The invention relates to a method for controlling gas flow by using a computer. The method comprises the following steps of: setting target flow in the computer, and inputting the target flow, feedback flow of a controlled object and output feedback of a PID controller to a DRNN (diagonal recurrent neural network) together; inputting the target flow to the PID controller after algorithm processing of the DRNN, and taking the target flow and the output feedback of the PID controller together as the input of the PID controller; after processing of the PID controller and D/A conversion, amplifying the input and dividing the input into two paths of signals, and inputting one path of signal to an electric valve to control the opening of an air flue; inputting the other path of signals to a variable frequency motor to drive a blower to generate certain air quantity to enter an APU cabin through the air flue; and detecting the air quantity by using the sensor, and taking the detection result as the feedback input of next cycle. The gas flow control method realizes high-speed accurate control of gas flow by combining the DRNN control algorithm and the PID control principle, and has wide application prospect.

Description

A kind of flow rate controlling method
Technical field
The invention belongs to the computer control field, relate to a kind of method of utilizing the computer control gas flow.
Background technology
Fire extinguishing system is made of fire-suppression bottle, sensor, pipeline, nozzle in the aircraft.It is to guarantee still can carry out the important system of safe flight under the situation of aircraft prominent chance fire in flight course.
In certain type airplane design process,, need carry out the original reason test of fire extinguishing system in order to guarantee rationalization, the optimization of fire extinguishing system design.
The simulation of air flow system is the key equipment of aircraft fire suppression system original reason test, and its major function is at the trial, for the APU cabin provides continual and steady air-flow.

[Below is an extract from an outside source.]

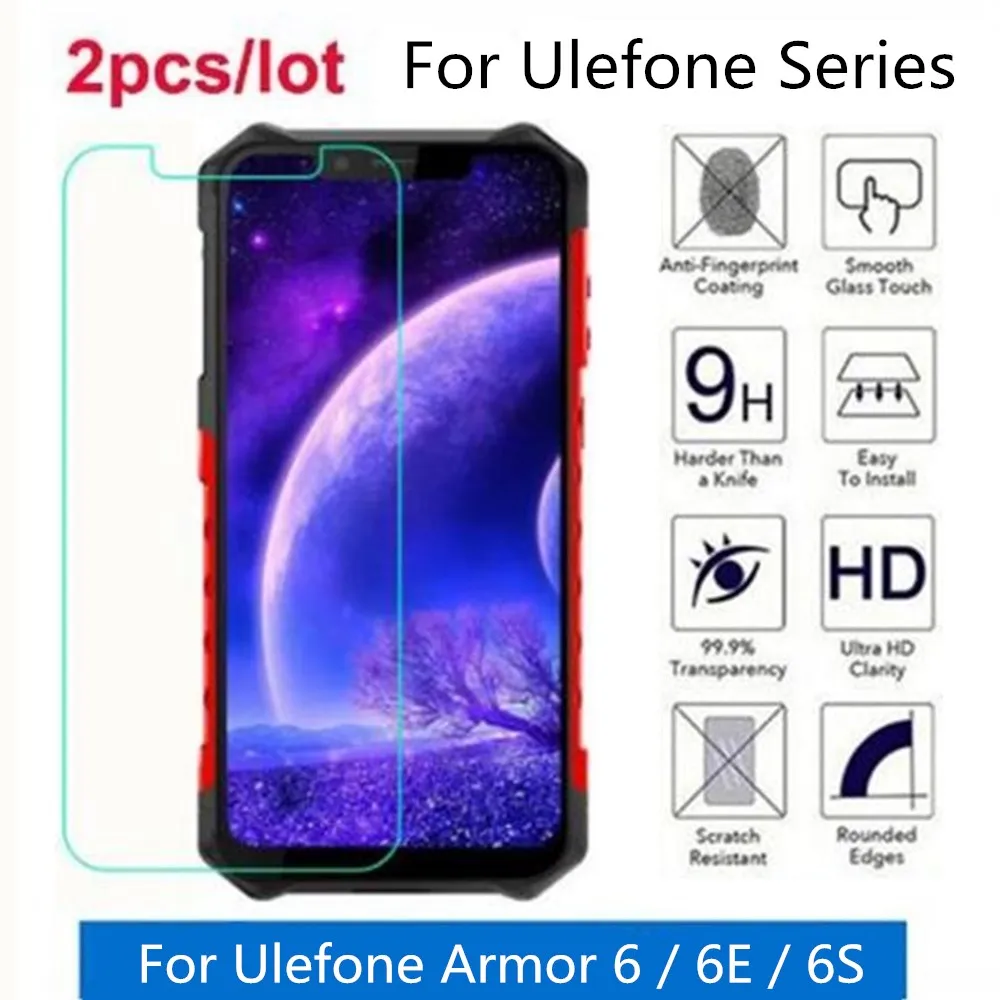 2 шт./лот закаленное стекло для Ulefone Armor 6 9H 2.5D Премиум Защитная пленка 6E 6S защитное |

What prior art was taked air-flow control is classical PID control, by behind ratio, integration and the differential of PID processing module result and the desired value that obtains being compared, but, because the complicacy of native system and the physical characteristics of gas itself, classical PID is controlled at precision and ageing aspect is slightly inadequate.
Summary of the invention
The objective of the invention is, provide a kind of can be efficiently, the accurate method of pilot-gas flow.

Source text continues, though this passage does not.